» **WORK ORDER**
Repeat verbatim what the listing holds, but not its pictures.

» **DATA PROVIDED**
────────────────────────────────────────
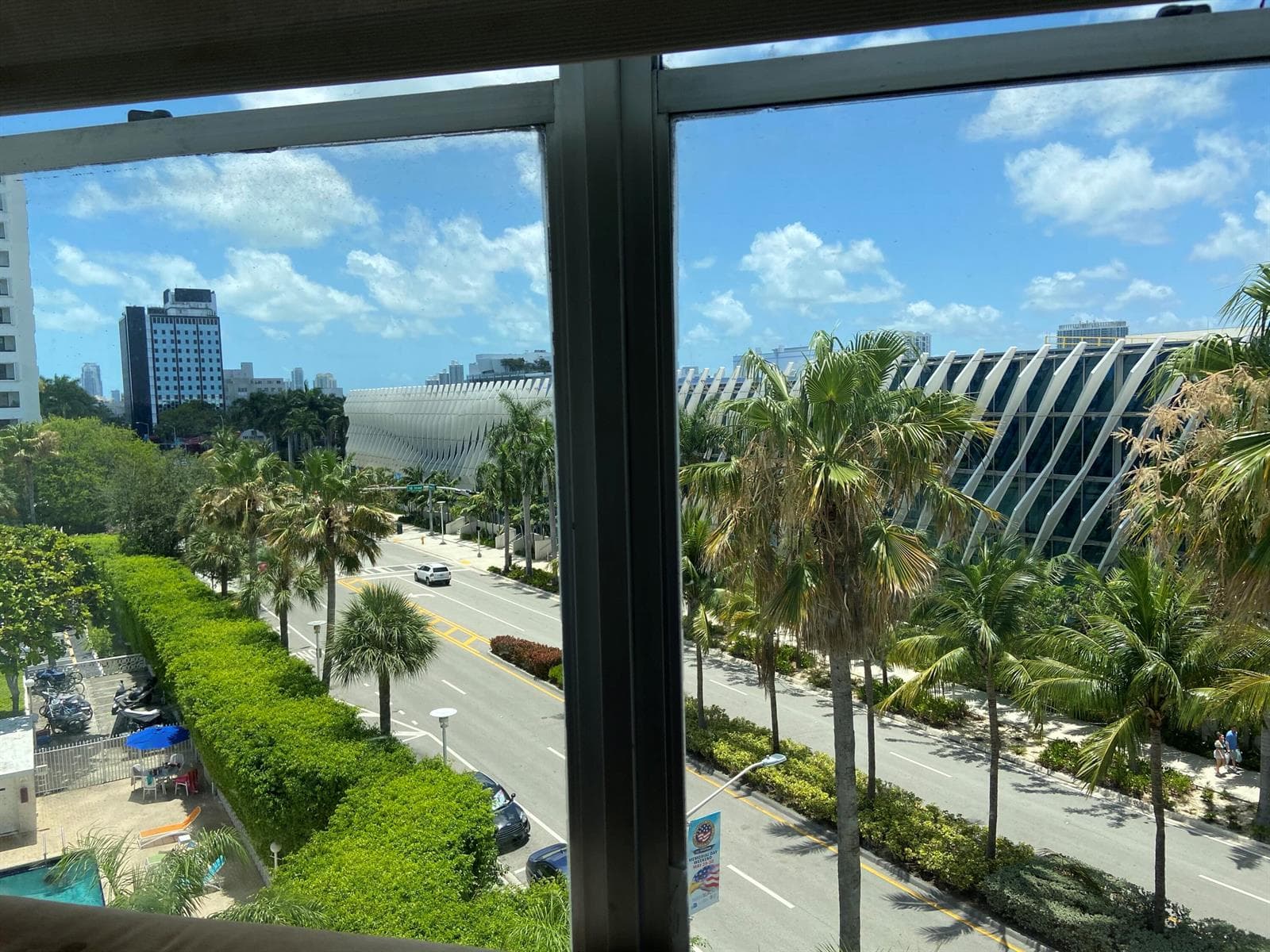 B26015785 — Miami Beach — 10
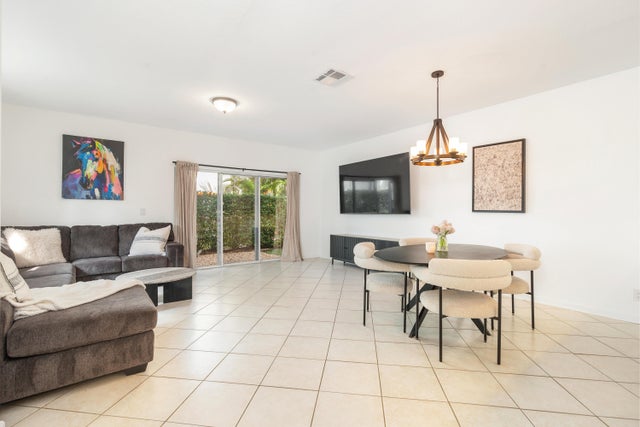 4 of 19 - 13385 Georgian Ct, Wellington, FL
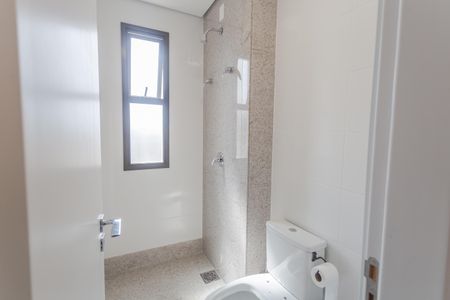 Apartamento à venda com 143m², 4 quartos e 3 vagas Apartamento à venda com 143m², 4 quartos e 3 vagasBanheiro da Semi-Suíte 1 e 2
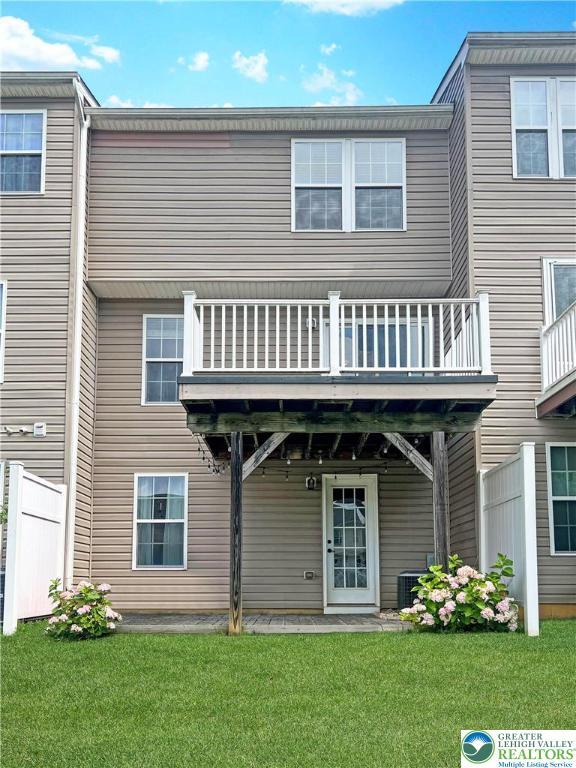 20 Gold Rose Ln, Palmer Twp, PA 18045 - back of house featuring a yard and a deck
────────────────────────────────────────
» **COMPLETED EXERCISE**
 B26015785 — Miami Beach — 10
 4 of 19 - 13385 Georgian Ct, Wellington, FL
 Apartamento à venda com 143m², 4 quartos e 3 vagas Apartamento à venda com 143m², 4 quartos e 3 vagasBanheiro da Semi-Suíte 1 e 2
 20 Gold Rose Ln, Palmer Twp, PA 18045 - back of house featuring a yard and a deck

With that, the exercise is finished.